Thursday, January 26, 2012

One Girl's Romp Through MIT's Male Math Maze -- The Play to be Peformed at Mount Holyoke

On my way home from UMass Amherst today, I spoke with a neighbor of mine, Dr. Margaret Minsky (I am sure that you recognize the surname, especially if you have had some computer science), who, appropriately, has a PhD in Computer Science from MIT.

Then, coincidentally, when I arrived home, the headline of an article in the Amherst Bulletin immediately caught my attention (and it came with a photo):

MATH WHIZ: Play recalls tough days at male-dominated MIT.

The article was about a play written by Gioia de Cari. It was the late 1980s when Gioia de Cari was a doctoral student in math at MIT, having earlier received a degree in math from UC Berkeley.

She spent 4 years at MIT, earned her master's degree, wrote part of her dissertation, but did not complete it.

The experience for her at MIT was very different from that at UC Berkeley. She even would change her attire to try to figure out how to best fit in and a male professor expected her to serve cookies at a seminar. It was even suggested to her by professors and students that she'd be happier at home raising children.

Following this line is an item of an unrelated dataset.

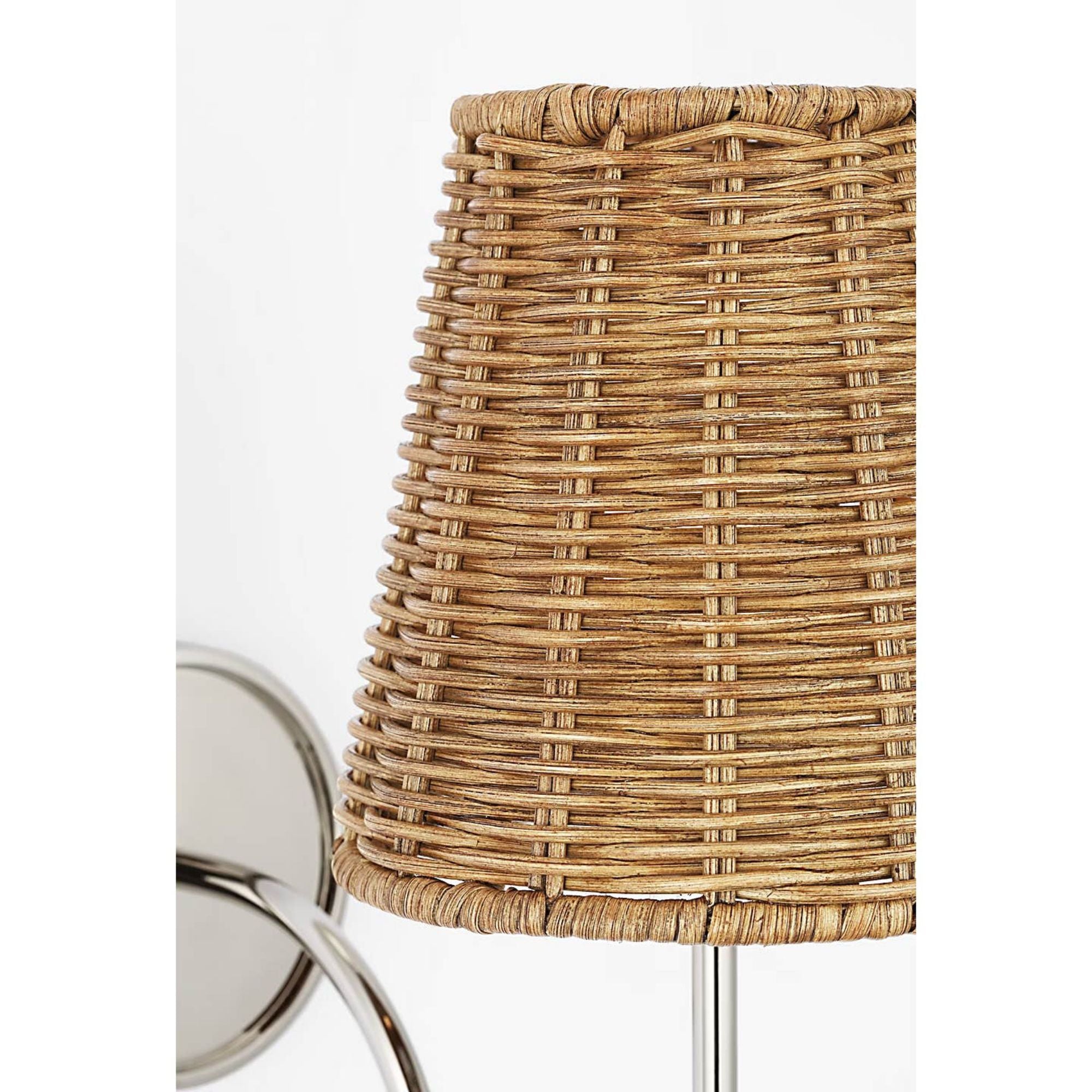 Amber Lewis Lyndsie Small Cordless Sconce in Polished Nickel with Natural Wicker Shade W6" x H10.75" x E10"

Eventually, she realized that theater was her passion and she became a full-time actor but she started writing down her "math stories" in a journal and had started working on plays. She also began to wonder whether the climate had improved for females in math.

Then came the Larry Summers bombshell. de Cari was at the academic conference at Harvard in January 2005, when Dr. Summers, then the President of Harvard, suggested that innate differences between men and women, rather than discrimination, could be one reason that fewer women succeeded at math and science.

Her reaction to the media response and backlash to Professor Nancy Hopkins of MIT walking out of the conference, led her (she said that she felt an obligation) to complete the play: Truth Values: One Girl's Romp Through MIT's Math Maze. It took her ten years to write.

The play will be presented Monday, Feb. 6, at Mount Holyoke College's Rooke Theatre at 7:30 p.m.

The Springfield Republican has a terrific article about the play and the playwright:

Gioia De Cari's 1-woman play at Mount Holyoke College to explore the question 'Are women inherently inferior to men in math and science?'

The article also quotes the wife of a colleague of mine, who served for a long time as the chair of the math department at Mount Holyoke, Dr. Margaret Robinson, who said:

“The topic is what graduate school in mathematics is like, in particular for women,” "But those studying science, computer science, physics, chemistry and biology will also relate."

The performance is also “good theater,” she said.

I was a doctoral student in Applied Math at Brown University in the 1980s and can honestly say I consciously chose as my dissertation the only female faculty member in Applied Math, Dr. Stella Dafermos. She also had a faculty appointment in Engineering and, yes, she was also the only female faculty member in Engineering.

In 2005-2006, I was a Science Fellow at the Radcliffe Institute of Advanced Study at Harvard University, and you can read some of my reflections on meeting Dr. Summers on this blog (and we even got treated to dinner at his presidential home).

I had spent two years at MIT (one year in Engineering and one year at the Sloan School of Management) in the late 1980s and 1990.The climate has been changing and there are now more female faculty that I can name off the top of my head (several of whom I know quite well). Interestingly, they all received their PhDs from MIT or had a chair of their doctoral dissertation from MIT.